William O. Seymour:
Bridges and Oil for the Waters
William O. Seymour was one of Ridgefield’s leading citizens at the turn of the 20th Century, so perhaps the Ridgefield Press obituary writer was a bit flustered by Seymour’s importance when he wrote on the front page Jan. 26, 1911: “He was a man among men, a consistent Christian, a good citizen, one of the few whom our town could afford to lose.”
A man known for his calm and warm demeanor, Seymour might have smiled at the gaffe.
Born in 1833 in Ridgefield, William Oscar Seymour got his early education in local schoolhouses. He then attended the Amenia (N.Y.) Seminary, a Methodist secondary school that was well respected and produced several university presidents and bishops.
Seymour returned to Ridgefield to become a grammar school teacher, but seeing the need for a “high school” in town, established the High Ridge Institute in the late 1850s. Seymour’s school, which had both boarding and day students, served up to 40 boys. At the time Seymour lived in the “Peter Parley house” — the childhood home of author Samuel G. Goodrich — on High Ridge, from which he also ran the school.

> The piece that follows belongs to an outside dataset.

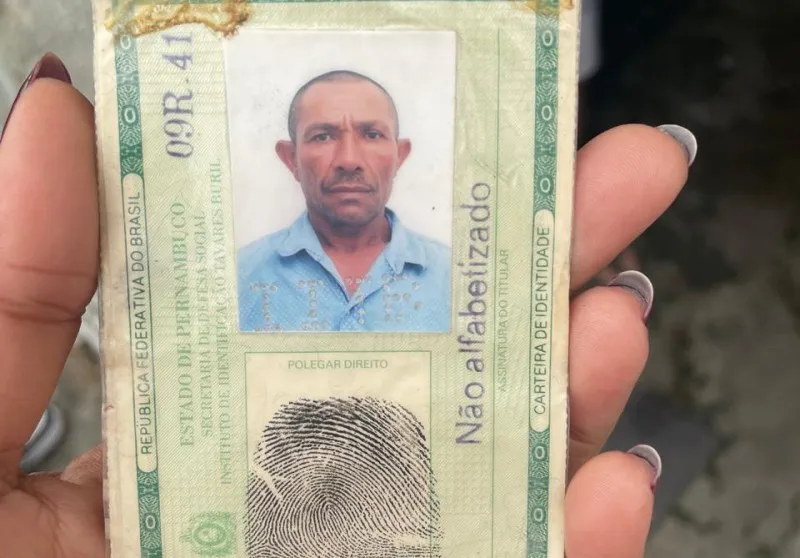 Imagem ilustrativa da imagem Aposentado morre baleado ao tentar defender a filha de agressão de um agiota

By 1869, Seymour was looking at an entirely new career: civil engineering, a subject he had previously taught to young men. Railroads were expanding at a rapid rate. Before 1871, about 45,000 miles of track had been laid in the United States. Between 1871 and 1900, another 170,000 miles were added. Seymour saw an opportunity not only for profitable work but perhaps also for adventure.
In 1873, he began working for the New York, New Haven and Hartford Railroad, which at the
time was the largest road in New England. He started out as a “rodman” — a menial job involving carrying and holding a rod used during the process of surveying for a new line. By 1877, he was the railroad’s chief engineer.
He left in 1881 to join a Massachusetts railroad, but soon decided to head west. He spent nearly five years designing and building railroads for the Wisconsin Central in Illinois, Wisconsin and Minnesota. His projects included building a 104-mile line from Chippewa Falls, Wisc., to St. Paul, Minn, crossing the St. Croix River with a 2,239-foot long iron bridge on stone abutments (years later the bridge was later abandoned but the abutments still stand in the river). Another line he built ran 124 miles from Chicago, Ill., to Schleisingerville, Wisc.
In 1887, Seymour returned to his home town where Gov. Phineas Lounsbury, a fellow Ridgefielder, appointed him one of the state’s three railroad commissioners — a post of considerable importance in that era when the state was served by more than two dozen railroads and streetcar companies. He remained a commissioner until his death 24 years later.
He was also a leading citizen in local government, serving as a probate judge, a state representative, a borough warden, and a member of the Board of Estimate (predecessor to the Board of Finance), He was vice-president of the First National Bank of Ridgefield, which he helped found in 1900.
In 1908, Seymour was chairman of the town’s Bicentennial celebration, which included a parade, speeches, other special events, and the publication of a book that offered many pictures of
people and places of Ridgefield along with essays about the town. Fifty years later, Seymour’s great-grandson, Ridgefield Press publisher Karl Seymour Nash, was chairman of the town’s 250th anniversary celebration.
When he had returned to Ridgefield, Seymour built a sizable house on Parley Lane, just down the hill a few hundred feet from the Peter Parley house he had earlier owned. The house is still standing, though it underwent a major rebuilding and expansion in the 1990s.
William O. Seymour was 77 years old when he died. Writing the next week from Montreal, where he was a consular official, historian George L. Rockwell said in a tribute to Seymour : “The welfare of the town was always uppermost with him. Office sought him and not he the office. In public meetings, when debate at times waxed to the point of bitterness, with a few chosen words would he pour oil upon the troubled waters.”